Livermore Mayor Marshall Kamena and his colleague Robert Brvenik, who is building the 120-plus store upscale outlet mall at I-580 and El Charro Road, deserve medals for endurance in finally getting the $162 million project under way. They have worked on building Paragon Outlet Mall since 2004 with so many financial and regulatory bumps in the road that Brvenik told well-wishers at a groundbreaking ceremony last month his project has been dubbed "Perseverance Mall."

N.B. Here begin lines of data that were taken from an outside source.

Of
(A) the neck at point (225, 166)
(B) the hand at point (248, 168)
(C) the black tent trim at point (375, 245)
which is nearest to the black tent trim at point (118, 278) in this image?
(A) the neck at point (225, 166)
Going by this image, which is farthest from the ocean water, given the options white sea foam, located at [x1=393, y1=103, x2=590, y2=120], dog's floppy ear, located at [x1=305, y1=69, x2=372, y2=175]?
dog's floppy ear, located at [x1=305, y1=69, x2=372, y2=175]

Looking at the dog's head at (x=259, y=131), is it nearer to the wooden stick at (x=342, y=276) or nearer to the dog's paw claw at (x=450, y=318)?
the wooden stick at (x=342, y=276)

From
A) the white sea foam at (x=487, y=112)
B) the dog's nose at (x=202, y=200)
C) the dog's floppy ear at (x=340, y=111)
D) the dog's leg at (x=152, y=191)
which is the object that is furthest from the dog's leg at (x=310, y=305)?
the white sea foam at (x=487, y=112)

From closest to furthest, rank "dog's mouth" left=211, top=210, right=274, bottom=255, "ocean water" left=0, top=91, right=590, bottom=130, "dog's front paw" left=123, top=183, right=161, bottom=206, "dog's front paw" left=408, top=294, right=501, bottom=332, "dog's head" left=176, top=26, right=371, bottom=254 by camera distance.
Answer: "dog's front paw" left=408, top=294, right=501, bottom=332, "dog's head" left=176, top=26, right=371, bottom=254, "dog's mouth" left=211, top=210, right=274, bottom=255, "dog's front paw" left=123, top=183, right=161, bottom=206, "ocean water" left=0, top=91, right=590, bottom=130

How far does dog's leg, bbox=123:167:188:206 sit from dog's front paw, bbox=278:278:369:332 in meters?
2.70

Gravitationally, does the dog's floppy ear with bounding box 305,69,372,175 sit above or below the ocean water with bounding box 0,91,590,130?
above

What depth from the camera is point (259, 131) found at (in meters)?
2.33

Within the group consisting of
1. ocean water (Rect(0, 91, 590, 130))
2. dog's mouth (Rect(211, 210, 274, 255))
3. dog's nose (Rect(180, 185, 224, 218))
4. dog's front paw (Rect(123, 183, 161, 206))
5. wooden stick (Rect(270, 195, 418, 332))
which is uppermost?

And well it should be. Headquartered in Baltimore, Paragon Outlet Partners considered sites in Connecticut, Florida and California for their new and most ambitious project before settling on the Livermore site. It is ideally located at the newly widened El Charro Road overpass across from a new Target superstore in Dublin that will open Oct. 9. Although the proposed new auto mall in Staples Ranch just across El Charro in Pleasanton was recently scuttled, it's likely a new and similar development will soon be considered. As it is, the Paragon center now being built will contain 443,000 square feet of retail space with more than 60% of the individual outlets already leased. These include Neiman Marcus Last Call, Saks Fifth Avenue OFF 5THGAP, Nike and Barney's, which brought a roar from the crowd when Brvenik mentioned the name. In addition to millions of sales tax dollars the outlet stores will bring to the state and Livermore, they will hire more than 2,000 people to serve customers when the center opens before Thanksgiving in 2012.
For Kamena, who will step down as mayor in November, although he's expected to win an open City Council seat he is seeking in that same election, the chance to toss the first shovel full of dirt to break ground for the Paragon center was a highlight of his political career. Agreeing to meet with the developers confidentially when they first approached him about considering the Livermore site, he and a few others on the council and in city government began sharing in the good news and providing data Paragon needed. The Paragon team made more than 50 different site inspections, referring to the El Charro site as "San Francisco/LDK30" in code. Site plans shown to Kamena and city representatives carefully covered over the names of other places under consideration. Officers of the Baltimore company, including its management team, accountants, architects, banks, trust fund investors and attorneys, trekked back and forth from Livermore to the East Coast.
A major concern was the costly and timely regulatory and environmental burden placed on developers and businesses by California regulators, but they agreed to proceed anyhow. "Little did they know!" Kamena said at the groundbreaking. He joked that some on today's Paragon team were fresh out of college when the project was started, but then he talked about seven long years of successes and near failures.
Kamena believes the effort should go into the Guinness Book of Records under a special category for building shopping centers. He thinks the Paragon project would qualify as No. 1 by requiring the most entitlement projects, the greatest number of regulatory agencies for approval, at $57 million the highest infrastructure costs to satisfy the requirements, the greatest number of reviews over a six-year period of the same application with the same facts and figures, the greatest amount of land (150 acres) ever having to be set aside as habitat preserve for the tiger salamander and red legged frog, although no evidence of either was ever found, and the longest contract ever written by a three-letter regulatory agency Kamena wouldn't name, which is 1,109 pages long.
Now, seven years later, the earthmovers are at work and the first of the outlet store pads are being poured. For the Tri-Valley, Paragon Outlets promise to be a destination that will attracts shoppers from a 60-mile radius, who will stop, no doubt, at local restaurants, gas stations, hotels and other more conventional shopping centers. Thanks, Marshall.